Smiling for the Camera

Paula Values Diversity

I taught To Kill a Mockingbird and The Adventures of Huckleberry Finn in my English classes for decades. Both explore violent racism against Black people. I emphasized, of course, the anti-racist messages in the novels, but like pretty much all the other books I taught, they were written by White people, and a White perspective on racism was central to the stories.


My school was 70 percent White and about 20 percent Latino, with other races making up only 10 percent of the student body, so once every few semesters, I would have a Black student—one, in the entire class. They were often very quiet during discussions about these books. 


One year, though, I had three Black students in the same class. They gave each other support and could really speak up, and I finally heard just how painful discussing these books could be. In most other classes, they were all alone while White teachers and students had detached conversations about things that affected them very personally. 

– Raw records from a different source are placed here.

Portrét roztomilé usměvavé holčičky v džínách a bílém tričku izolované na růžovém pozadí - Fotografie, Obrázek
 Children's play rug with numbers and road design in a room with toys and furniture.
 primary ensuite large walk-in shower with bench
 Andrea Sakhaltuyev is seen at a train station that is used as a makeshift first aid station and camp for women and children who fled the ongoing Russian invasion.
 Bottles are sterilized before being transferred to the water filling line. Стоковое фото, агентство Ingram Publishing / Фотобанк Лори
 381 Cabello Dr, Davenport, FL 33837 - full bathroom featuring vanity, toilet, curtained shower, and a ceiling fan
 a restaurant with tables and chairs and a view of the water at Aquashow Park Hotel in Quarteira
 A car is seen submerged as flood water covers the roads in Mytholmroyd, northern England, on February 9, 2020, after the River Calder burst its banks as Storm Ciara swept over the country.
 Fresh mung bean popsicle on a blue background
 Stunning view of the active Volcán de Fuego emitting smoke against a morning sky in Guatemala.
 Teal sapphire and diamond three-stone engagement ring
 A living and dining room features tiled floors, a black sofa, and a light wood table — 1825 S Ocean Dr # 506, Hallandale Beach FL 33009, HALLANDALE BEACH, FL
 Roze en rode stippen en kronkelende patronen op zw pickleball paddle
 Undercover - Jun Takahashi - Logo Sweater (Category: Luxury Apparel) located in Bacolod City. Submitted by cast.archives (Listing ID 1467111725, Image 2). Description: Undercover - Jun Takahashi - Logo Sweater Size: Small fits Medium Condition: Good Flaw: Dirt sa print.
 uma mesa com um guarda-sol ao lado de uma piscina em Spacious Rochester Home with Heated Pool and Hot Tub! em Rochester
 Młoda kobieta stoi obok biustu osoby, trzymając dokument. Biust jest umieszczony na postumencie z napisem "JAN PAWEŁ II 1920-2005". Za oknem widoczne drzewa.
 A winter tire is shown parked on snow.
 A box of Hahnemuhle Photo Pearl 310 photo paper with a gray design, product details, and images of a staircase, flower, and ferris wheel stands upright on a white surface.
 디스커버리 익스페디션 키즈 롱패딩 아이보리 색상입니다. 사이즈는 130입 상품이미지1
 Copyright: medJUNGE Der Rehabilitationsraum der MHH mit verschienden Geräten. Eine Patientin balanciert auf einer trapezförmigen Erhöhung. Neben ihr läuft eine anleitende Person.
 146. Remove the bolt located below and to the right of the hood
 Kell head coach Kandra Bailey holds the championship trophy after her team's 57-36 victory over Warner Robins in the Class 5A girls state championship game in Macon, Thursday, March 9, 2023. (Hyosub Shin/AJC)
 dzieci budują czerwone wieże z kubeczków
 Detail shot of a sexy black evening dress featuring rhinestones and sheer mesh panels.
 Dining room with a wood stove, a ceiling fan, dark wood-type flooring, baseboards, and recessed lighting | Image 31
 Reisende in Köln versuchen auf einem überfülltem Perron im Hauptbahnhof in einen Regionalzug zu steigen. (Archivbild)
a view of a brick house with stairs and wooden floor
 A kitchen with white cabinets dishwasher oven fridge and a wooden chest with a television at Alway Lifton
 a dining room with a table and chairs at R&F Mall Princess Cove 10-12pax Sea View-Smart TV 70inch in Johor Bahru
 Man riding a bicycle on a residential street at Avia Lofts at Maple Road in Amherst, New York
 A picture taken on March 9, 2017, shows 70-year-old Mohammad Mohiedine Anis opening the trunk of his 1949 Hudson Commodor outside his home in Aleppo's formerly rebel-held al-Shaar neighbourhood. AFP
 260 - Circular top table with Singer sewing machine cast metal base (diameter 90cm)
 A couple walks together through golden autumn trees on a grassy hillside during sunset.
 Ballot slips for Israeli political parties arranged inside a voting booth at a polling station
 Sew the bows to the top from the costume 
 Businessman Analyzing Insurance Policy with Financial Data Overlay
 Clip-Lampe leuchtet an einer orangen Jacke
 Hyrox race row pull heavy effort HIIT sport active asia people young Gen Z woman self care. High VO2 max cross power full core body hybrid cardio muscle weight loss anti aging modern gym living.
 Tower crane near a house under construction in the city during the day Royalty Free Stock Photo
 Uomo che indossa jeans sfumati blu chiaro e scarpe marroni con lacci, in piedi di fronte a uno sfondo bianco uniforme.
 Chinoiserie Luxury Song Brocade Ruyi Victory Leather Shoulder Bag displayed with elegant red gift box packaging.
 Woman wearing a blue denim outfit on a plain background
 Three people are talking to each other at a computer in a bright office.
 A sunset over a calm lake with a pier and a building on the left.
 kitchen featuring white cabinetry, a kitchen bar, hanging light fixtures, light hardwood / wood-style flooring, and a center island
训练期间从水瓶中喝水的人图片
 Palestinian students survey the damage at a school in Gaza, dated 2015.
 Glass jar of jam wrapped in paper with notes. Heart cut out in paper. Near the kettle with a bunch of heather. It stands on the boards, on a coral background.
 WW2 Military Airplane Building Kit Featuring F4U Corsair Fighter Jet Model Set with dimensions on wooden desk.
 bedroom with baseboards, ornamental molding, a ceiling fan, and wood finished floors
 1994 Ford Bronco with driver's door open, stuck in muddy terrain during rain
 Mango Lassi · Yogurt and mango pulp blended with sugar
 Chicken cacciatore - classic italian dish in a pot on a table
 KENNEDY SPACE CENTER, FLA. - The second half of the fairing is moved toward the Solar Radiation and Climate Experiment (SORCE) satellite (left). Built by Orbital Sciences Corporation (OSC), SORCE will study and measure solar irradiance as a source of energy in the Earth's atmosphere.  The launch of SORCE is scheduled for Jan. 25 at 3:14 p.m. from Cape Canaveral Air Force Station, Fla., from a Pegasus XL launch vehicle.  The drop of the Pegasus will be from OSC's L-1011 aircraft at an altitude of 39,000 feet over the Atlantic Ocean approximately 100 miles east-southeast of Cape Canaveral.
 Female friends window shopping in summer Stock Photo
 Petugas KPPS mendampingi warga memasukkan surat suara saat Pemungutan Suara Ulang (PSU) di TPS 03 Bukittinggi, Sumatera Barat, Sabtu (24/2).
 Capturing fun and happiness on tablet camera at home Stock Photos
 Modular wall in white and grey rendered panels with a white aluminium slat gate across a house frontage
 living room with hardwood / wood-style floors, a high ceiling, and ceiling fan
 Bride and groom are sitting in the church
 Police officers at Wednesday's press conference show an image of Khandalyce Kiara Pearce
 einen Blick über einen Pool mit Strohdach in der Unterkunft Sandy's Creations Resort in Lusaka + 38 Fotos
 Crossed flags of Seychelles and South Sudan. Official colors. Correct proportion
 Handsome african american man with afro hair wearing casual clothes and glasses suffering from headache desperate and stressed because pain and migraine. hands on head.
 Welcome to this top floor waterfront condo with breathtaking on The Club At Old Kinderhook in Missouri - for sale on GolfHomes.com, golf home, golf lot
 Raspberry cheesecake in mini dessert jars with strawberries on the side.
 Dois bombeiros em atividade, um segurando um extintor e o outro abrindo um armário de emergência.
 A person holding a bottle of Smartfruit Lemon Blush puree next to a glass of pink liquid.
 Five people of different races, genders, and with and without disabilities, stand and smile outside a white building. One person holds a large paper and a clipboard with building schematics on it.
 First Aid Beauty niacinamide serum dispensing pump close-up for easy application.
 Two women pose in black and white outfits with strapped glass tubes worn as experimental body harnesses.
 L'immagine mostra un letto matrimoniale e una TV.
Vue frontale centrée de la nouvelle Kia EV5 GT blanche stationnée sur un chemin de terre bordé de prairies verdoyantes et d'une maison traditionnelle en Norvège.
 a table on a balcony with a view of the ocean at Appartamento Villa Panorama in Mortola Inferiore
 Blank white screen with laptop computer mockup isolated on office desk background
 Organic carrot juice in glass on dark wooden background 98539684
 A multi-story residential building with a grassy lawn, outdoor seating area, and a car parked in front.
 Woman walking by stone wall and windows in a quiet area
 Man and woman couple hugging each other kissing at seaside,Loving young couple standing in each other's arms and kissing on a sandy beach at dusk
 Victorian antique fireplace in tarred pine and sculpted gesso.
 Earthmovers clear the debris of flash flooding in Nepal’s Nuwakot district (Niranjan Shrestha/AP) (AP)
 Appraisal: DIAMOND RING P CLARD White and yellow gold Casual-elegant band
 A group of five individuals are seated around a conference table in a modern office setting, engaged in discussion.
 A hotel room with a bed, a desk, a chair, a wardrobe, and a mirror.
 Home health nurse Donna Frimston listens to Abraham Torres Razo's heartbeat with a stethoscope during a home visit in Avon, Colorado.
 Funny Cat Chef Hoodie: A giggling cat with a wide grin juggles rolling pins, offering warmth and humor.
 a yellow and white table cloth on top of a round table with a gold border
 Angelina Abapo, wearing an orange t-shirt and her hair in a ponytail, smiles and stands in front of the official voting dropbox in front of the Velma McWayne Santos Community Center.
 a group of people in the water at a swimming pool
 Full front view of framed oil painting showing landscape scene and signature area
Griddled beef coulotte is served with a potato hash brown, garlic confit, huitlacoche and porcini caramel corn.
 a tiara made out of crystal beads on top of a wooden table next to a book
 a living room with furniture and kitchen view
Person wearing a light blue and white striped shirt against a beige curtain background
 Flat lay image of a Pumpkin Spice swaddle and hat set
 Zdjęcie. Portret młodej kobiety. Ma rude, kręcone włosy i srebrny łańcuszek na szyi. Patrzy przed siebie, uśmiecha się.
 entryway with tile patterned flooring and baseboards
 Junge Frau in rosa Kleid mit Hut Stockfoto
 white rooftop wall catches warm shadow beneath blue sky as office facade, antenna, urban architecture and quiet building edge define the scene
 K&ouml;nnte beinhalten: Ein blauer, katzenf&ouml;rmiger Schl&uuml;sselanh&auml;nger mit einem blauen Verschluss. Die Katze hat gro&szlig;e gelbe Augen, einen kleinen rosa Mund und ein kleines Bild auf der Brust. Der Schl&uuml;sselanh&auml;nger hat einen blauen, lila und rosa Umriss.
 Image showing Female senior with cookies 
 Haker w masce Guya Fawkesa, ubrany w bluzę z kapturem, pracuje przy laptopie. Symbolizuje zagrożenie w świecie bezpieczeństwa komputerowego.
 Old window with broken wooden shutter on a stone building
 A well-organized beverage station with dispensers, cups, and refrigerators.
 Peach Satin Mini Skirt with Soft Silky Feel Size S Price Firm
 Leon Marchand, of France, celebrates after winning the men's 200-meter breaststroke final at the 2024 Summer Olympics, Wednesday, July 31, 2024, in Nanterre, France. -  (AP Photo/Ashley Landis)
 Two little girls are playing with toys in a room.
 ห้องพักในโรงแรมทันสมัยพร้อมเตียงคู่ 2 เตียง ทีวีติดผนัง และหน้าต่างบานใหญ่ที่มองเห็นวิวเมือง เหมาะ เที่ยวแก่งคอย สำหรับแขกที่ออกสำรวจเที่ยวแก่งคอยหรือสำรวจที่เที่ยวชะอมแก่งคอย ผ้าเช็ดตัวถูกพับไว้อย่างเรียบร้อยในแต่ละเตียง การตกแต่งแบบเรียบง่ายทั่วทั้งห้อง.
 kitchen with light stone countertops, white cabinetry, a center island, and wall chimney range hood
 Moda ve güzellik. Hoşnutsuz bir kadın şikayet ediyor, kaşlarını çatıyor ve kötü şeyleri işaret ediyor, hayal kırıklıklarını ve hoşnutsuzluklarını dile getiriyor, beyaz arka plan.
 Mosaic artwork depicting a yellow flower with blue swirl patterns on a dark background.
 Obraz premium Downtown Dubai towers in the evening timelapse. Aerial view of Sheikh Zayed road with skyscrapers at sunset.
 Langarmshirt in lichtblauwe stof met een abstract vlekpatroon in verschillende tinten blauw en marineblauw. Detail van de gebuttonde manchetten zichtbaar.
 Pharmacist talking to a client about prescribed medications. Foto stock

Their bravery invited other students in the class to open up about how being Latino, Asian, or unrepresented in some other way meant feeling left out of literature and history in school. Where were their voices and their stories?


That’s when I added books like A Raisin in the Sun, Bodega Dreams, and American Born Chinese, all books with non-White authors writing about their own lived experiences. Every student deserves the opportunity to be represented in the curriculum. They deserve to see faces like theirs in the front of the room, but how can we attract a diverse educator team until we give them a rich, diverse curriculum to teach, one where their experiences are honored?


I don’t have all of the solutions, but it is past time for our educators and board to think deeply about the ways they may be contributing to decisions that unfairly impact students and colleagues of color, even if only by just accepting the current system. We have the responsibility to make sure Jeffco's marginalized students and families and have a voice and power in decision-making.